TEMPO.CO, Jakarta - Melonjaknya harga bawang putih membuat pemerintah ketar-ketir. Tampak sepele. Namun, bulan lalu, saat di Pasar Induk Kramatjati harga rata-ratanya masih Rp 25 ribu, bawang putih telah memberi sumbangan sekitar 0,12 persen terhadap inflasi Februari yang mencapai 0,75 persen.
Kini, di pasar yang menginduki pasokan sayur-mayur di seluruh DKI Jakarta itu, harga bawang putih telah mencapai Rp 52 ribu.
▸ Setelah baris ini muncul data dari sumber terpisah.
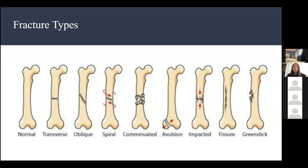A greenstick fracture is where your bone is not broken completely. It's common in kids because they have softer bones that are not completely mineralized, making it easier for the bone to bend instead of break completely.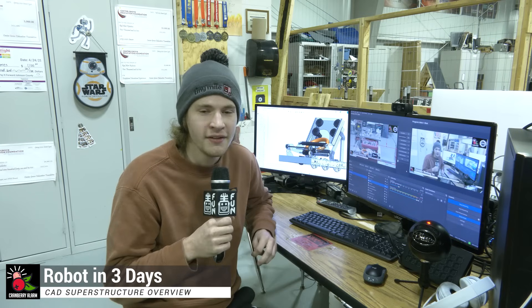Hey guys, Rhys here with Cranberry Alarm, RI3D. Today I'm going to be taking a deep dive on our CAD. I'm going to be going over all of our components, where we are at, what our future plans may be, and things to consider about this game. Coming up on First Updates Now.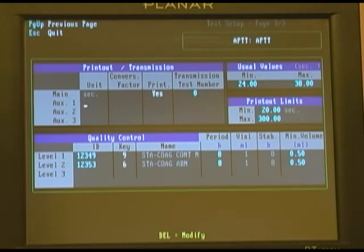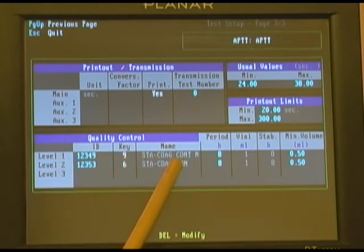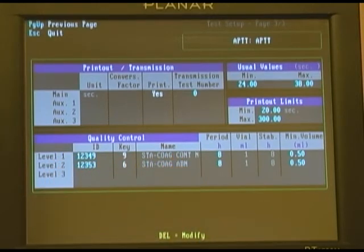To verify this calibration you need to run the control material that is specified on page 3 of the QC screen.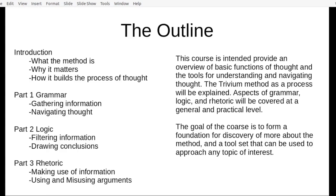This course is intended to provide an overview of the basic functions of thought and the tools for understanding and navigating thought. The Trivium Method as a process will be explained. Aspects of grammar, logic, and rhetoric will be covered at a general and practical level. The goal of the course is to form a foundation for discovery of more about the method, and it's a tool set that can be used to approach any topic of interest.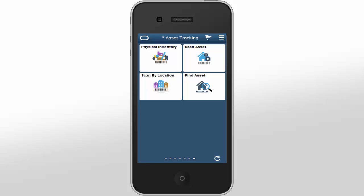PeopleSoft Asset Tracking provides you with a mobile physical inventory solution that replaces third-party integrations and lets you scan assets by location and retrieve asset information from the asset repository. You can access all of this information using a desktop, laptop, smartphone, or tablet.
Belum lagi harga bawang merah yang juga turut terkerek menjadi Rp 42 ribu dari harga normalnya yang hanya belasan ribu rupiah. Tentu saja, inflasi dikhawatirkan makin tinggi. "Jelas khawatir," kata Wakil Menteri Perdagangan Bayu Krisnamurthi kepada Tempo, Rabu, 13 Maret 2013.
Melonjaknya harga bawang putih itu disebabkan terlambatnya proses importasi. Maklum, produksi dalam negeri hanya dapat memenuhi 5 persen kebutuhan bawang putih yang tiap tahun mencapai 400 ribu ton.
Untuk importasi bawang putih semester pertama tahun ini, pekan lalu Kementerian Perdagangan baru mengeluarkan persetujuan impor bagi 16 perusahaan. Mereka dapat lampu hijau untuk mengimpor 29.136 ton bawang putih atau 18,21 persen dari 160 ribu ton yang diizinkan masuk.
Keterlambatan tersebut, menurut Direktur Jenderal Perdagangan Luar Negeri, karena terhambat rekomendasi impor produk hortikultura dari Kementerian Pertanian.
Impor hortikultura diatur dalam Peraturan Menteri Pertanian Nomor 60 Tahun 2012 tentang Rekomendasi Impor Produk Hortikultura dan Peraturan Menteri Perdagangan Nomor 60 Tahun 2012 tentang Ketentuan Impor Produk Hortikultura. Intinya, untuk dapat melakukan importasi, sebuah perusahaan harus terdaftar sebagai importir di Kementerian Perdagangan, memperoleh rekomendasi impor dari Kementerian Pertanian, lalu kembali ke Kementerian Perdagangan untuk mendapat persetujuan impor.
Karena dirasa rumit bahkan menghalangi pemenuhan kebutuhan dalam negeri atas impor produk hortikultura termasuk bawang putih, kini pemerintah mulai berpikir merevisi kedua aturan itu. "Kami rapikan bersama-sama," kata Bayu.
Di pihak lain, Direktur Jenderal Pengolahan dan Pemasaran Hasil Pertanian Kementerian Pertanian, Haryono, juga pernah menyatakan hal serupa. "Kami sedang menyiapkan revisi untuk Peraturan Menteri Pertanian Nomor 60 Tahun 2012," katanya, Kamis lalu, 28 Februari 2013.
Haryono menyebutkan, saat ini misalnya, untuk memproses rekomendasi impor produk hortikultura (RIPH) 131 perusahaan importir, ia harus menandatangani 3.300 lembar surat. Sebab, dalam Peraturan Menteri Pertanian Nomor 60 Tahun 2012 tentang RIPH disebutkan bahwa rekomendasi harus dikeluarkan untuk setiap komoditas yang diimpor oleh satu perusahaan dari satu pelabuhan asal ke satu pelabuhan tujuan. Proses ini juga yang menyebabkan keluarnya rekomendasi itu perlu waktu lama.
Tak hanya menimbulkan kerepotan di dalam negeri, rumitnya perizinan impor ini juga telah dipermasalahkan Amerika Serikat hingga dibawa ke forum World Trade Organization (WTO). Amerika Serikat menuding Indonesia melakukan proteksi dengan membatasi masuknya sayur, buah, dan daging ke Nusantara.
Pagi tadi, Menteri Koordinator Perekonomian Hatta Rajasa mengatakan akan segera mengatasi krisis pasokan bawang putih di pasaran. Melalui Kementerian Perdagangan dan Kementerian Pertanian, Hatta meminta agar regulasi mengenai impor hortikultura bisa diperbaiki. "Secara bilateral, Menteri Pertanian dan Menteri Perdagangan harus memperbaiki regulasi dan segera memasok agar harga lebih stabil," ujarnya.